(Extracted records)
□ □ □ □ □ □ □
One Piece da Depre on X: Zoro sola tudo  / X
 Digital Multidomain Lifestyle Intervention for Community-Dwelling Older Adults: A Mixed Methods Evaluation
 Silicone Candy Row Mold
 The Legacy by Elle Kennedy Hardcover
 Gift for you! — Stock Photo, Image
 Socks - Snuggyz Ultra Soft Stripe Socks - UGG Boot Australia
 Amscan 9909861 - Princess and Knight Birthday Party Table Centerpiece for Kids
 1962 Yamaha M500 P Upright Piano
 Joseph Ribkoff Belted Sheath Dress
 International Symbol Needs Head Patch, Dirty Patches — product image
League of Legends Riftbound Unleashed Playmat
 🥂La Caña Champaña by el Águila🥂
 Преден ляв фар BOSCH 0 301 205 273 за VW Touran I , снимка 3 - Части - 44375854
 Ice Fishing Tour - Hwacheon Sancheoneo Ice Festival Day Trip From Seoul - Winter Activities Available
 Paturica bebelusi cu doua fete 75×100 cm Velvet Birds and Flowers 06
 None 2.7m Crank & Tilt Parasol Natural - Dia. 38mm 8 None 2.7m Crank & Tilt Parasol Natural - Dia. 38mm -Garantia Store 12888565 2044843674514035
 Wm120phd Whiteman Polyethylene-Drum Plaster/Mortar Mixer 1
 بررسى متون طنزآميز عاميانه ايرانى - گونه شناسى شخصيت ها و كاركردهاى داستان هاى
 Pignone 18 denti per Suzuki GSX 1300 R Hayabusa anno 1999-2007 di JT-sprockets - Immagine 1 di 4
□ □ □ □ □ □ □
## DIRECTIONS
What you should output is every line of the records above, from the first through the line containing "1962 Yamaha M500 P Upright Piano", unchanged.

## TASK RESPONSE
One Piece da Depre on X: Zoro sola tudo  / X
 Digital Multidomain Lifestyle Intervention for Community-Dwelling Older Adults: A Mixed Methods Evaluation
 Silicone Candy Row Mold
 The Legacy by Elle Kennedy Hardcover
 Gift for you! — Stock Photo, Image
 Socks - Snuggyz Ultra Soft Stripe Socks - UGG Boot Australia
 Amscan 9909861 - Princess and Knight Birthday Party Table Centerpiece for Kids
 1962 Yamaha M500 P Upright Piano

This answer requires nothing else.